One important thing I learned: always check .info() first to confirm data types. A Year column stored as a string instead of an integer would break a time-series chart silently.

Step 3 — Correlation Heatmap

This was a new addition I added to this project. A correlation heatmap shows how all numeric columns relate to each other at once.

sns.heatmap(
    data.select_dtypes(include="number").corr().round(2),
    annot=True, cmap="coolwarm", linewidths=0.5
)
plt.title("Correlation Heatmap - Numeric Columns")
plt.show()

Finding: No strong correlations between any of the numeric columns. Price, Mileage, Engine Size, and Sales Volume all behave independently in this dataset.

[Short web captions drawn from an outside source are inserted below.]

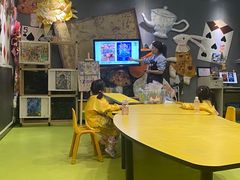 -杨梅红艺术教育(西安高新唐延教学中心)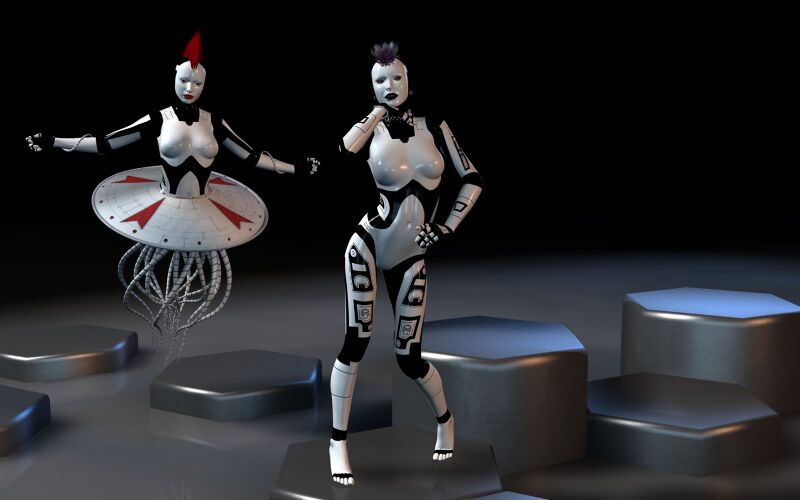 File:Punk sexy robot girls by RJamp.jpg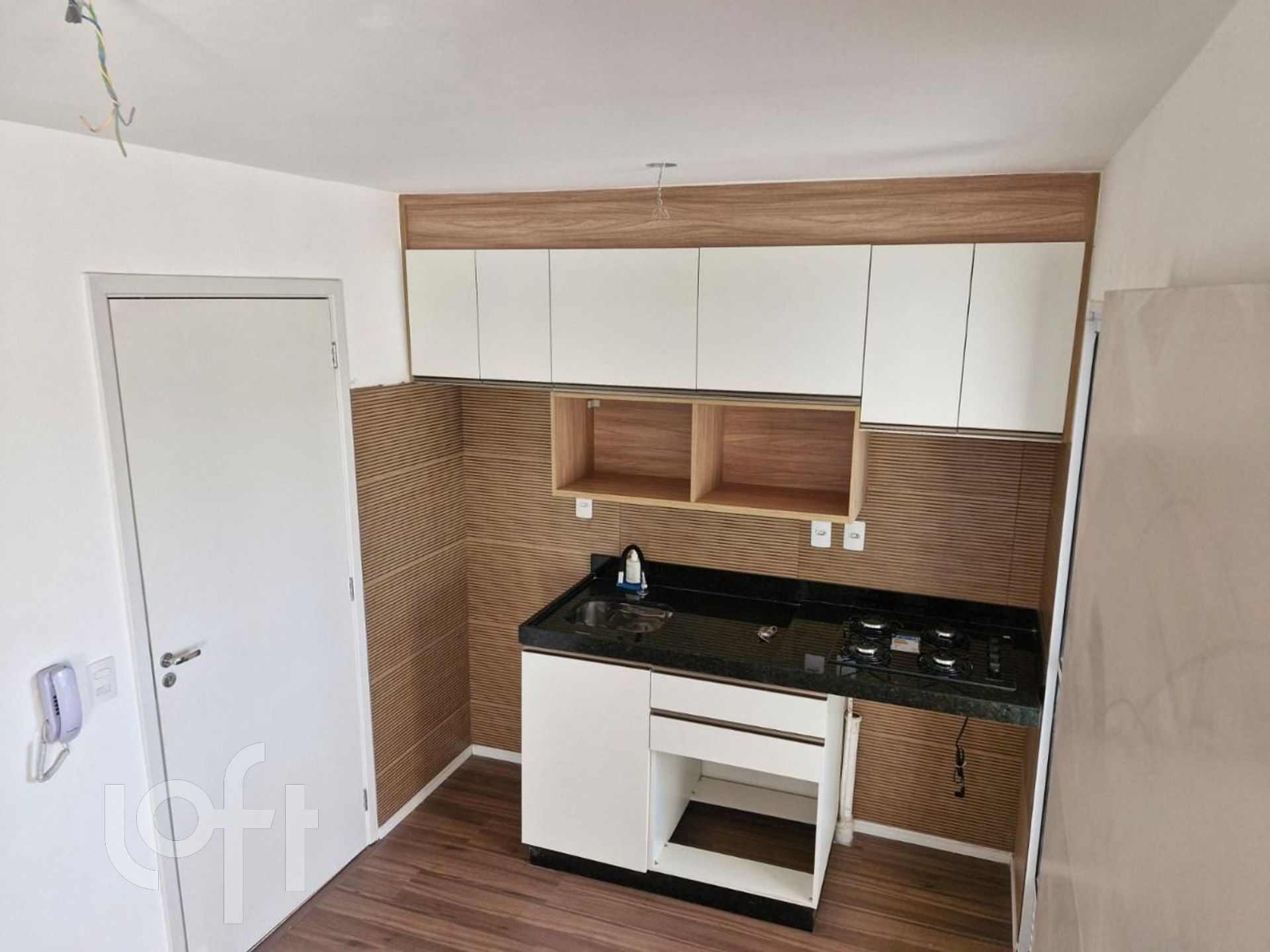 Apartamento à venda com 2 quartos, 33m² - Foto 3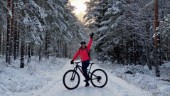 Hon cykelpendlar 5 mil om dagen – nytt projekt ska inspirera andra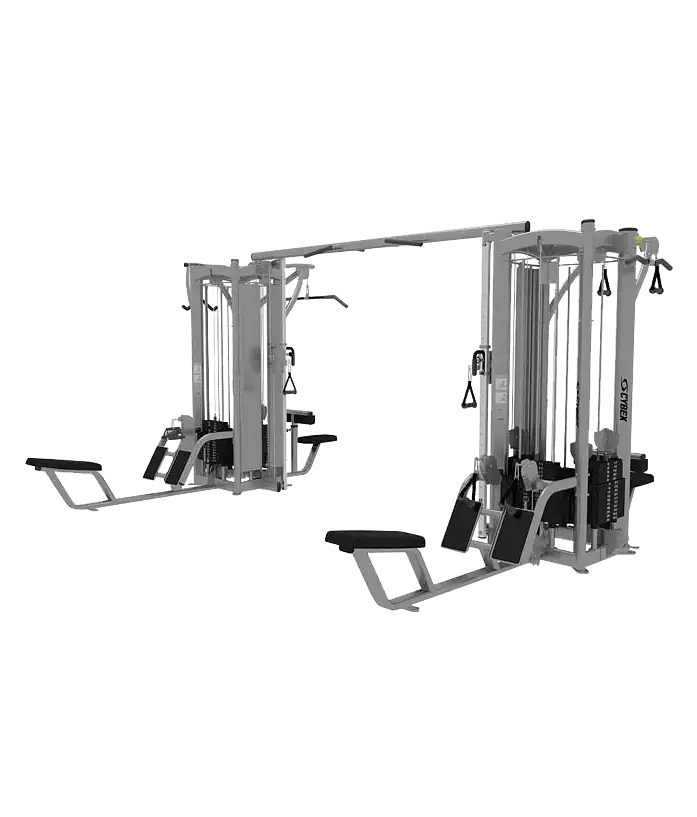 Cybex 8Stack Jungle Gym Pro Gym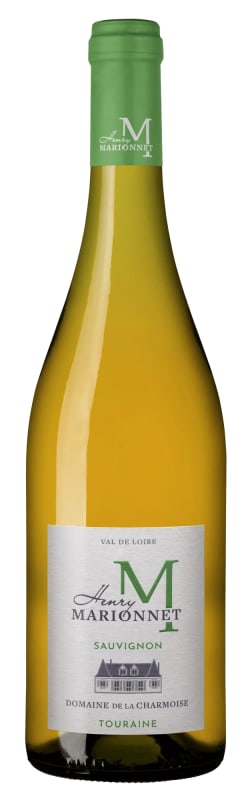 Henry Marionnet Domaine de la Charmoise Sauvignon Blanc 2020 Front Bottle Shot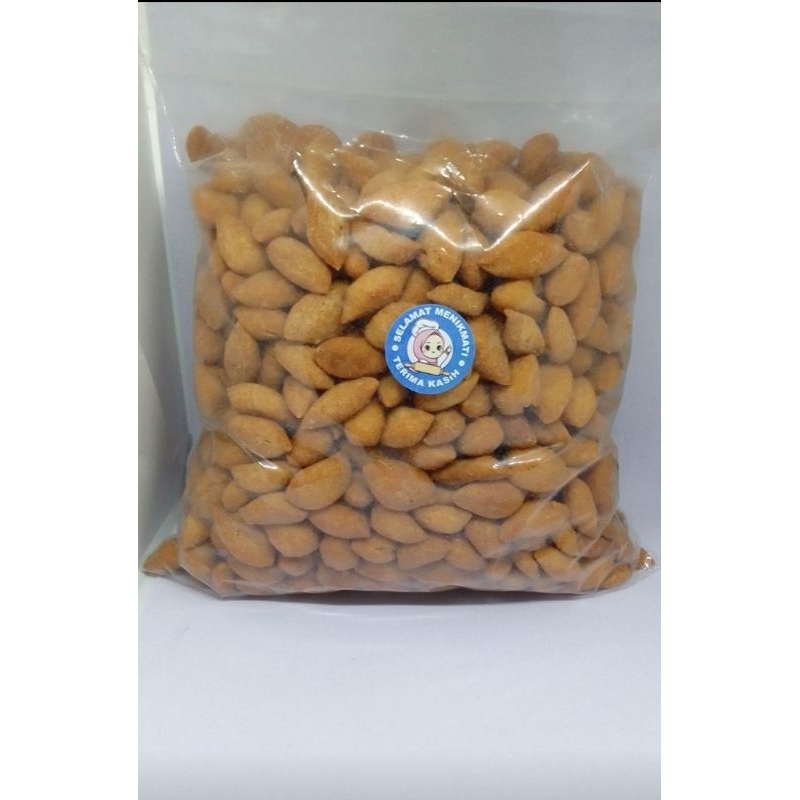 

Biji Ketapang manis 1kg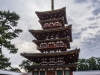 Yekushi-ji Pagoida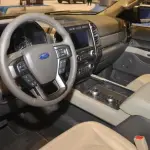 2023 Ford Expedition Interior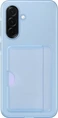 Samsung Card Slot case для Galaxy A36 5G синий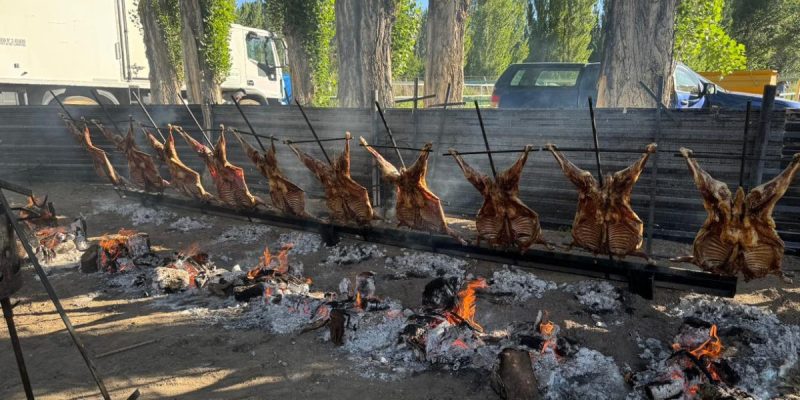 Banco Provincia financia entradas a la Fiesta del Chivito en 12 cuotas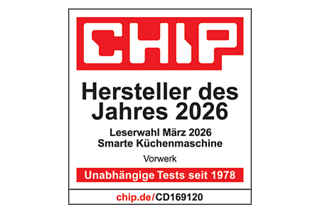 award thermomix tm7 chip26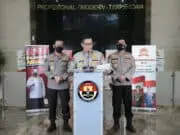Kapolda Metro Jaya dan Kapolda Jawa Barat, Dicopot
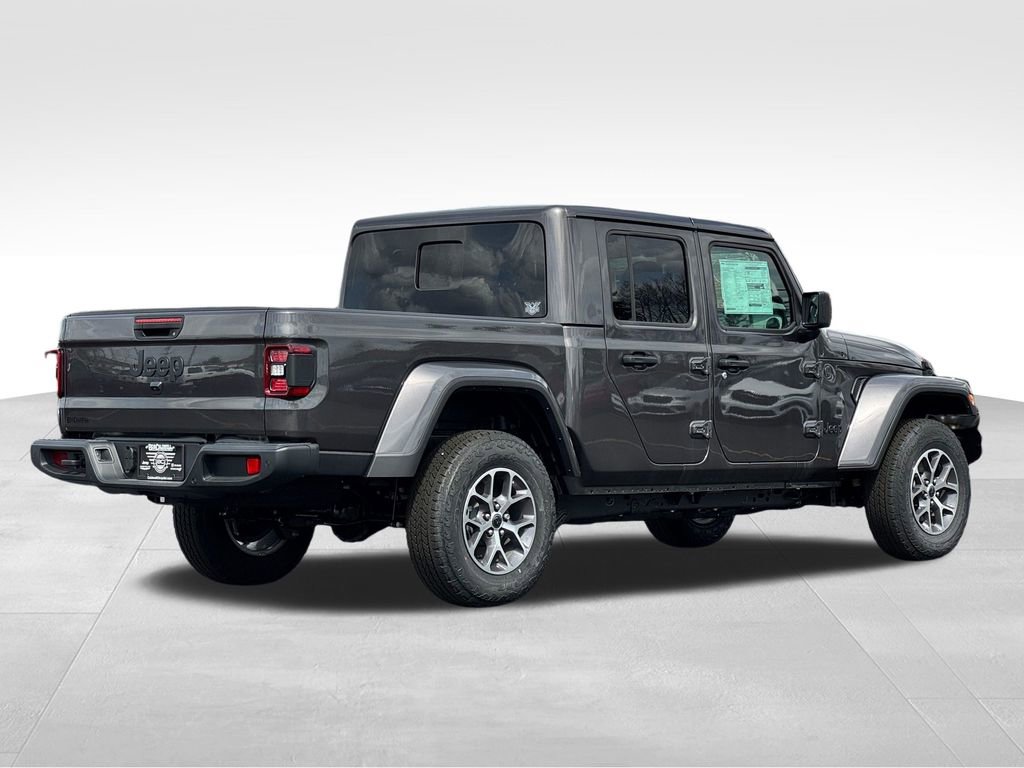 New 2026 Jeep Gladiator Sport AWD/4WD image 7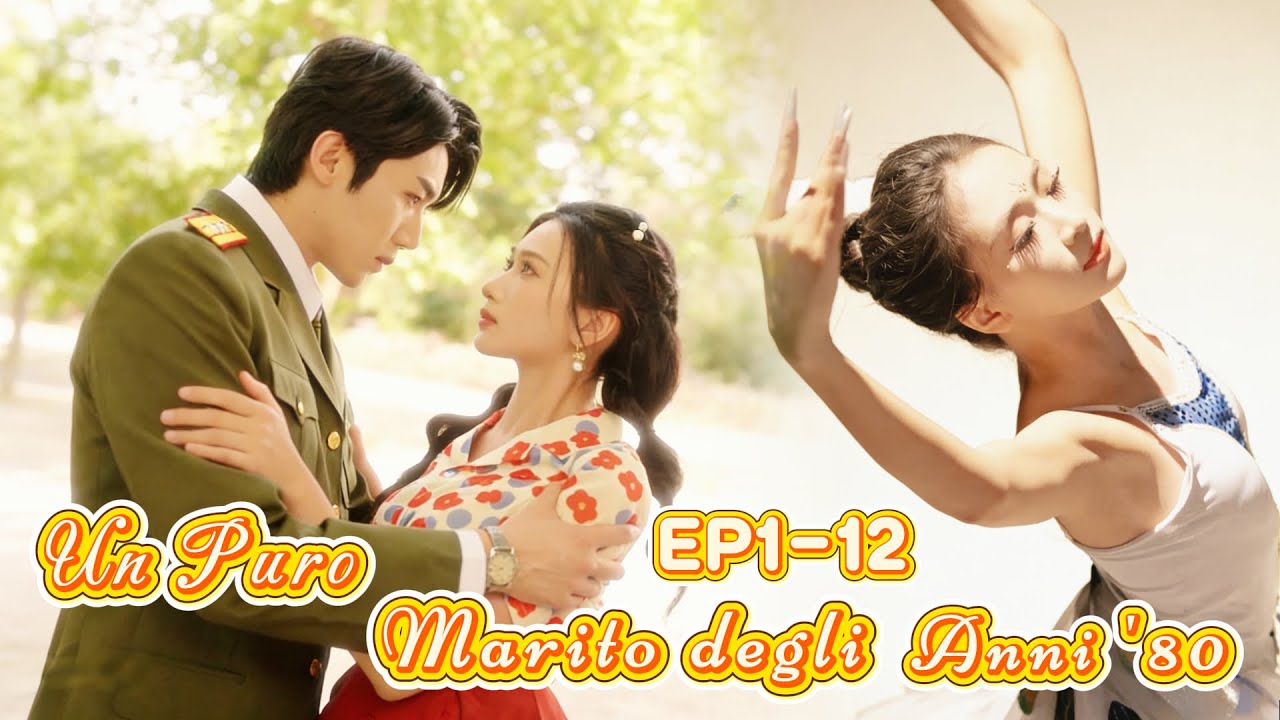 [Collezione🥰🔥]Addestramento della ballerinal #miniserie #serietv #amore #romantico #cenicienta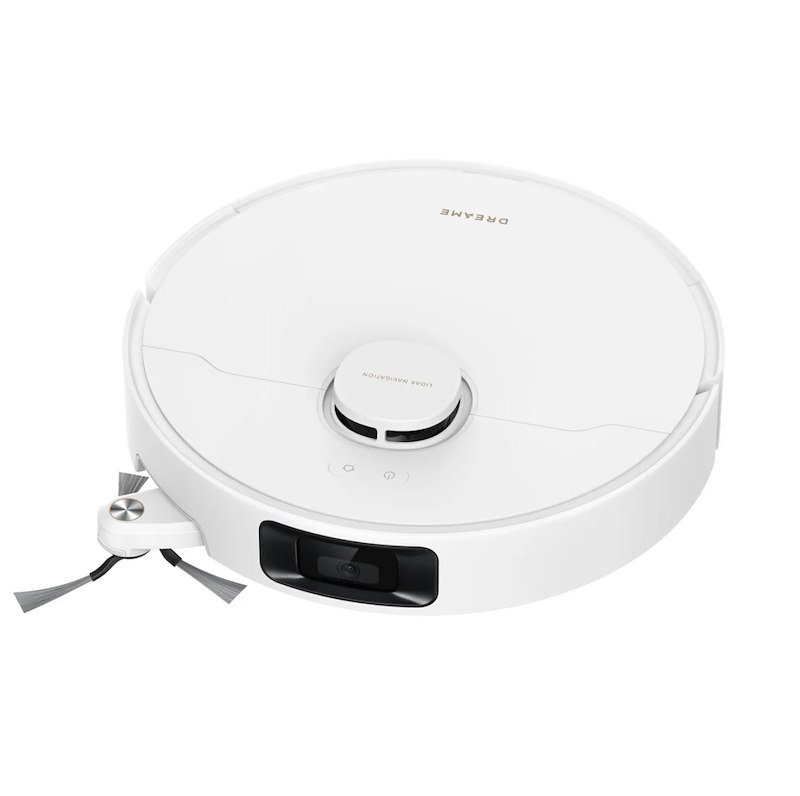 Dreame Robot Aspirapolvere D20 Pro Plus Bianco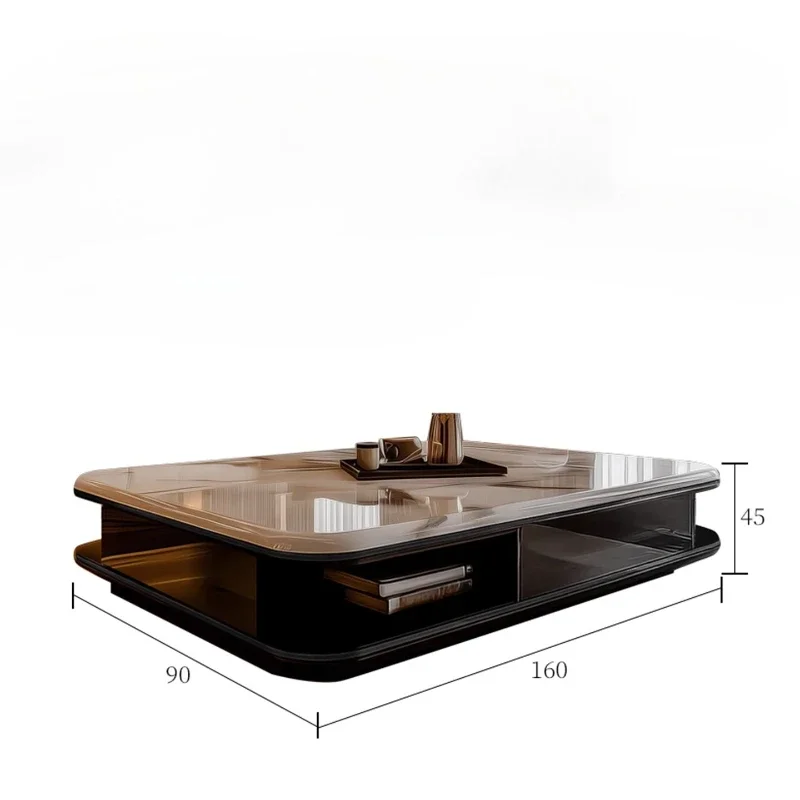 

m Modern Home Interior coffee table designer lounge modern side table luxury lounge centro furniture m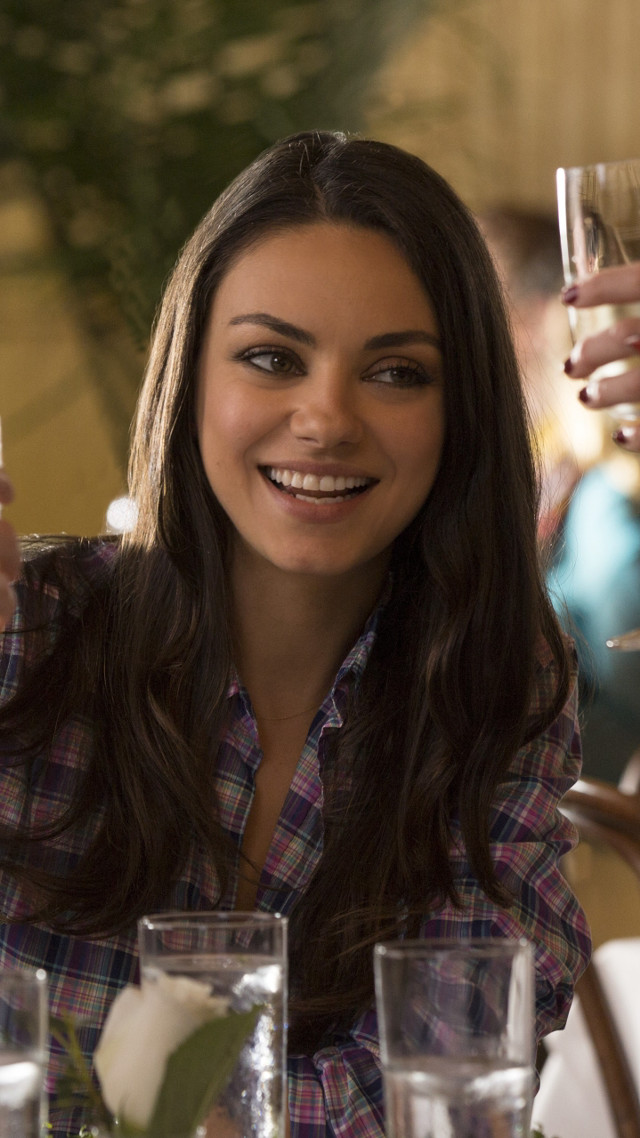 Woman holding wine glass smiling #3 free wallpaper for mobile - medium preview image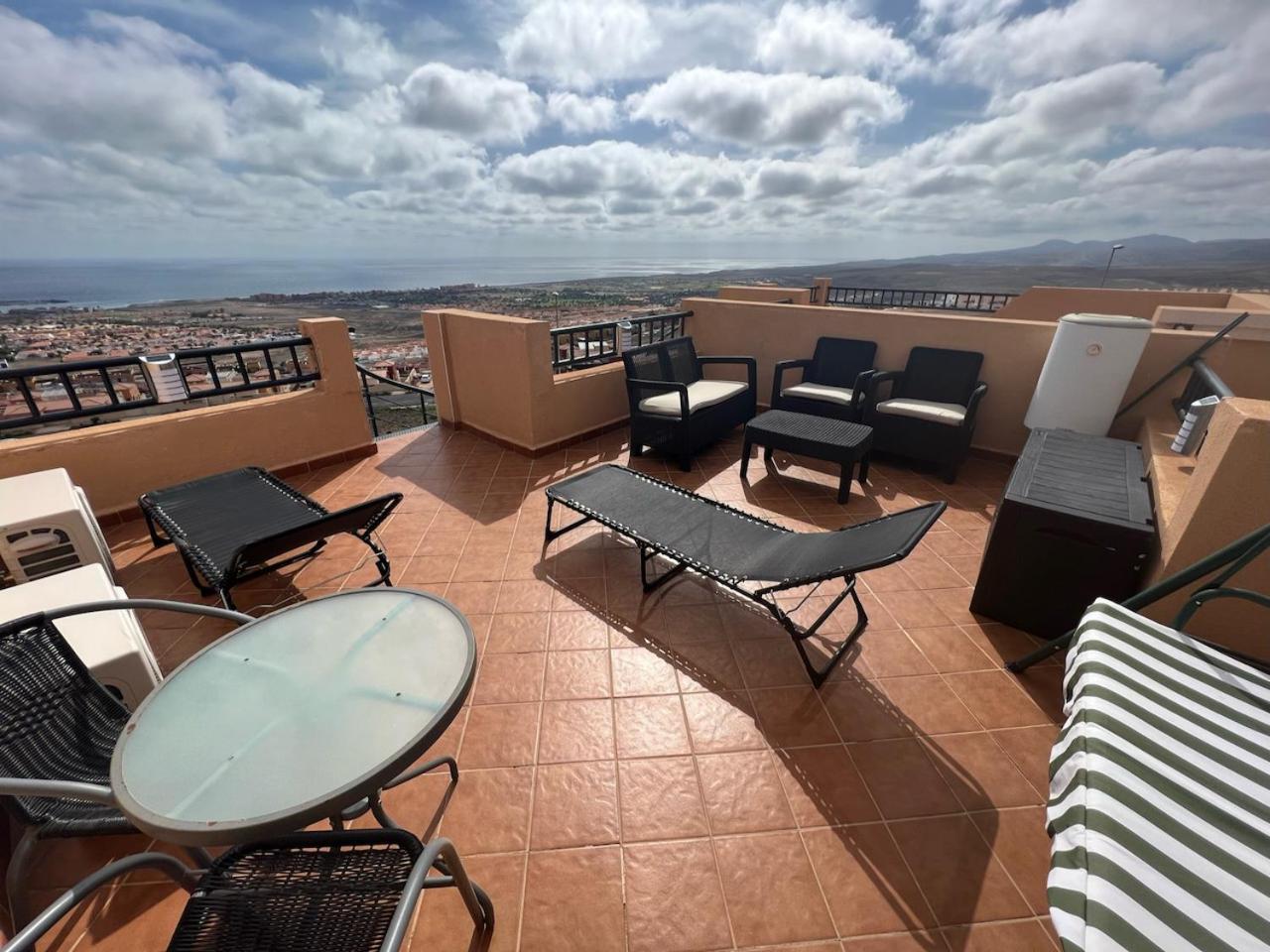 Apartamento Casa Bubo Caleta de Fuste Exterior foto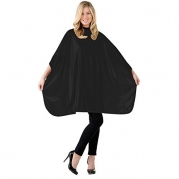 Betty Dain Solid Shampoo Cape, 306 NL Black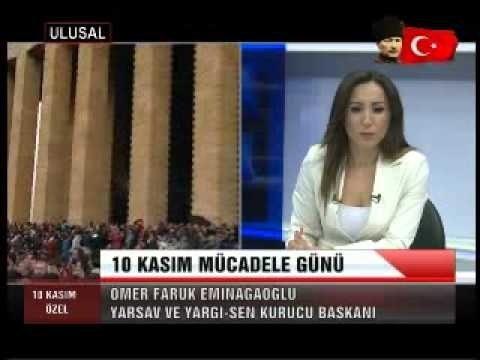 Ömer Faruk Eminağaoğlu yorumluyor: 10 Kasım mücadele günü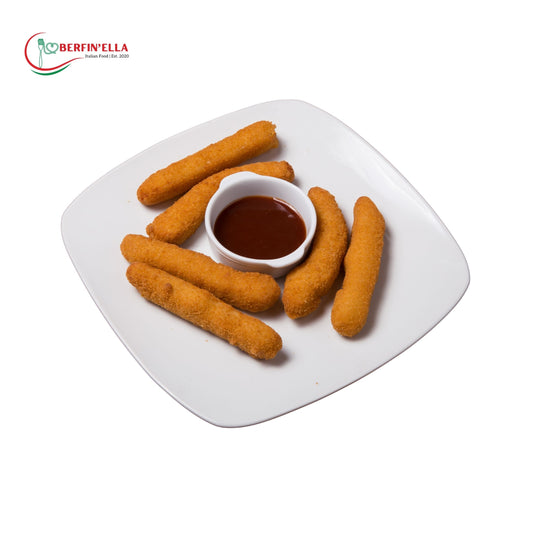 Crispy Chicken Fingers (6 Stück)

Step 4 — Value Counts & Distribution Charts

This is where I learned one of the most important rules in data visualization: match the chart type to the data type.

Here's the rule I now follow:

Column Type	Chart to Use
Categorical (Model, Region, Fuel Type…)	Bar chart
Numeric (Price, Mileage, Engine Size…)	Histogram
Time-ordered (Year)	Line chart

In my earlier projects I was putting line charts on categorical columns, which doesn't make sense — a line implies order and continuity between points, and categories like "Diesel" and "Electric" have no natural order.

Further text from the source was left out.